GUNUNGKIDUL, iNews.id - Ketua DPRD DIY Nuryadi menyebut penggunaan aksara Jawa dan unggah-ungguh (sopan santun) mulai luntur dalam kehidupan masyarakat di Yogyakarta. Salah satunya dampak dari kemajuan tehnologi informasi yang mengakibatkan degradasi budaya Jawa tersebut.
Nuryadi mengatakan, saat ini sudah banyak masyarakat Yogyakarta yang tidak bisa menulis dan membaca aksara Jawa. Padahal aksara dan bahasa Jawa mencerminkan ungah-ungguh yang ada dalam tradisi budaya Jawa.
"Aksara dan Bahasa Jawa itu ada tingkatnya karena sudah masuk unggah-ungguh atau sopan santun," tuturnya paa Sosialisasi Perda Nomor 2 Tahun 2021 tentang Pemeliharaan dan Pengembangan Bahasa, Sastra dan Aksara Jawa di Sanggar Suryo Bawono, Playen ini berlangsung pada Sabtu (19/8/2023) kemarin.
Dia menyebut Bahasa Jawa ada tingkatannya mulai dari bahasa kasar alias ngoko, kemudian bahasa halus alias Kromo dan Bahasa Jawa sangat halus atau kromo hinggil. Tingkatan Bahasa Jawa ini akan disesuaikan dengan lawan bicara.
Kondisi serupa juga ada dalam aksara Jawa yang memiliki berbagai tingkatan. Saat ini sangat jarang masyarakat DIY yang masih mengerti dan memahami aksara Jawa ini. Bahkan hanya sebagian kecilnya masyarakat DIY yang mampu membaca dan menulis aksara Jawa.

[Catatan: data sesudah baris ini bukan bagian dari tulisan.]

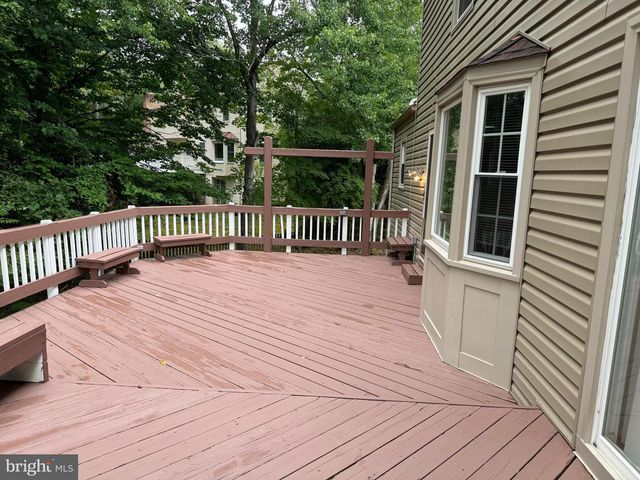 12859 VALLEYWOOD DR, Woodbridge, VA 22192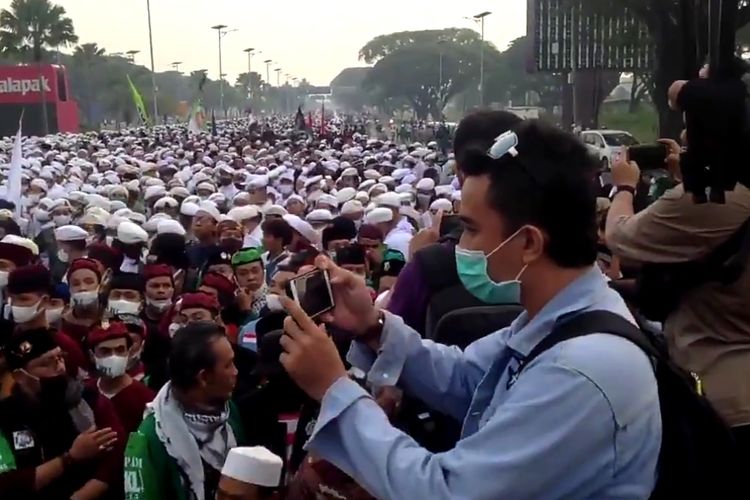 Massa Terus Berdatangan Datangi Bandara Sambut Habib Rizieq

"Ini mengundang keprihatian semua pihak. Saya kira kurikulum di sekolah yang harus diperbaiki," tutur dia.
Nuryadi mengatakan, pemerintah berkewajiban untuk melestarikan aksara Jawa ini. Kurikulum pendidikan harus dievaluasi agar aksara Jawa ini tidak punah. Siswa dari luar DIY juga harus turut serta mempelajari Aksara Jawa.